Regardless of whether or not the reach of the song was calculated in any way, I'm now in that proportion. I'm here, and I'm not sure how or why. What's worse, I look to the song for analogical assistance, and it only makes things worse. The last two lines I quote above, from the chorus, do they describe the "how" in the last line of the verse, or the "here?" The distinction is crucial. Have I arrived here, at what is essentially a very successful intermediate outcome, by letting the days go by, by going with the invisible envelope of flows? Or have I just now completely lost momentum and control, lulled through momentary comfort into a complacency that renders me powerless against time and tide?

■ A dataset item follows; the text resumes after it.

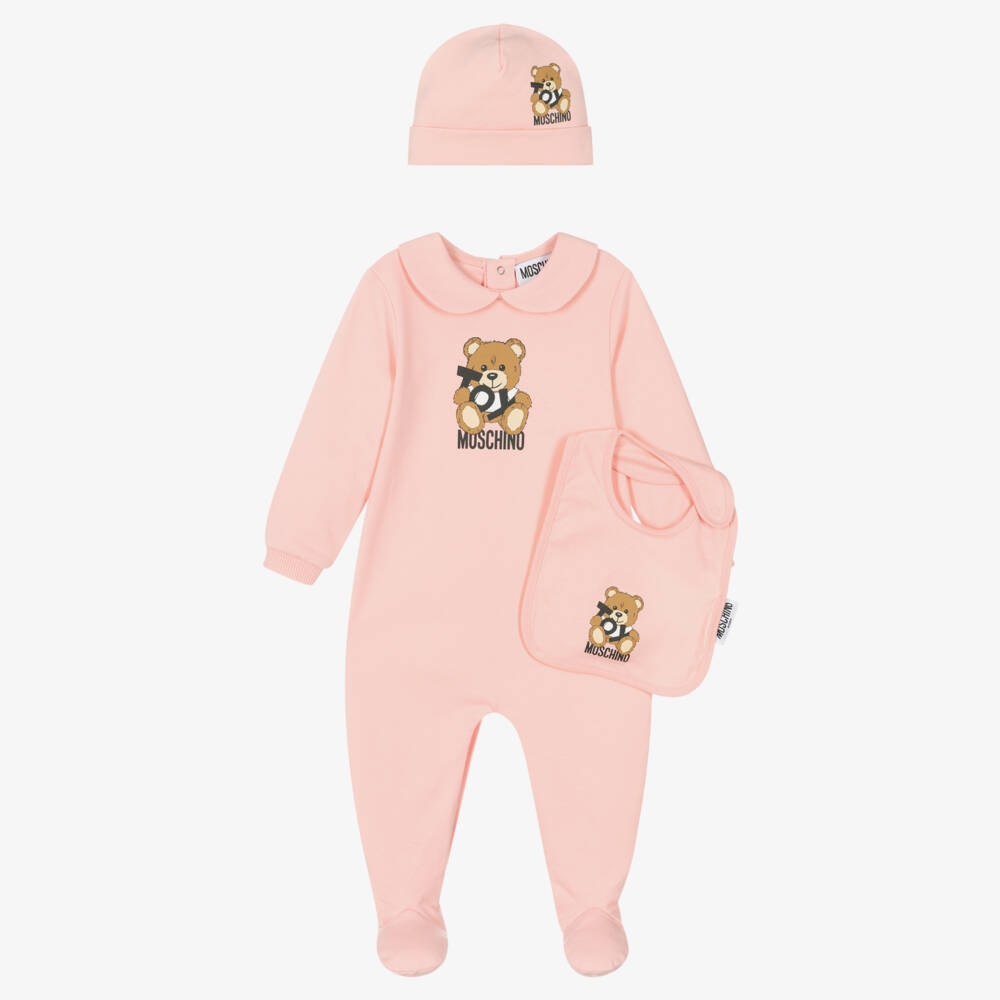 Moschino-Girls' Blush Teddy Babygrow Ensemble | Childrensalon Outlet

You may ask yourself, well, how did I get so melodramatic? That one's easy, listening to the post-punk music channels aimed squarely at my demographic. You see, now that I have a beautiful house and a beautiful wife, I'm worth marketing to, so I get digital music tailored to my tastes. And though I can certainly listen to bands like The Killers and The Rapture and Shiny Toy Guns, I generally don't. I listen to the music I listened to from ages 14-22, when everything mattered. The juxtaposition of music from my overwrought adolescence with my current generic adulthood, however, creates additional meaning that wouldn't exist otherwise. When I was 20, rock musician seemed like a pretty good career. Not a realistic career choice, I recognized that, but nice work if you could get it. But now, at that ripe old age of 36, I understand things I certainly didn't understand back then. If I'm David Byrne, or Tina Weymouth, or whatever, would I want to be 50 and be introduced as "a Talking Head?" Bands are projects, bands are brands. Talking Head is a gig, not a career. Unfortunately, however, if I'm David Byrne, or even moreso, if I'm Tina Weymouth, it's even worse when I'm 50 and being introduced as "a former Talking Head..." How did I get here???

So David Byrne became Barnum to Peter Gabriel's Bailey in barking for World Music, and Jerry Harrison went on to produce a bunch of records, and Tina and Chris Frantz are living happily ever after as far as I know (and don't tell me if I'm wrong). They knew how they got there. They stopped. They went somewhere else. Twenty years later, I'm here. I'm doing a job I never planned on doing, and my response to my unhappiness there is not to look for something else to do, but someone else to do it for (letting the water...), and a better motivation to do it. I love my beautiful wife, and I'm quite attached to my beautiful house. Am I right? Am I wrong? My God, what have I done?

My old blog was called The Inactivist. The name was meant to convey that although doing something was better than talking about doing something, perhaps talking about not doing anything was marginally better than simply not doing anything. Writing about the river doesn't stop it from running, but commiting your days to text is not equivalent to letting them go by. So same, I guess, as it ever was.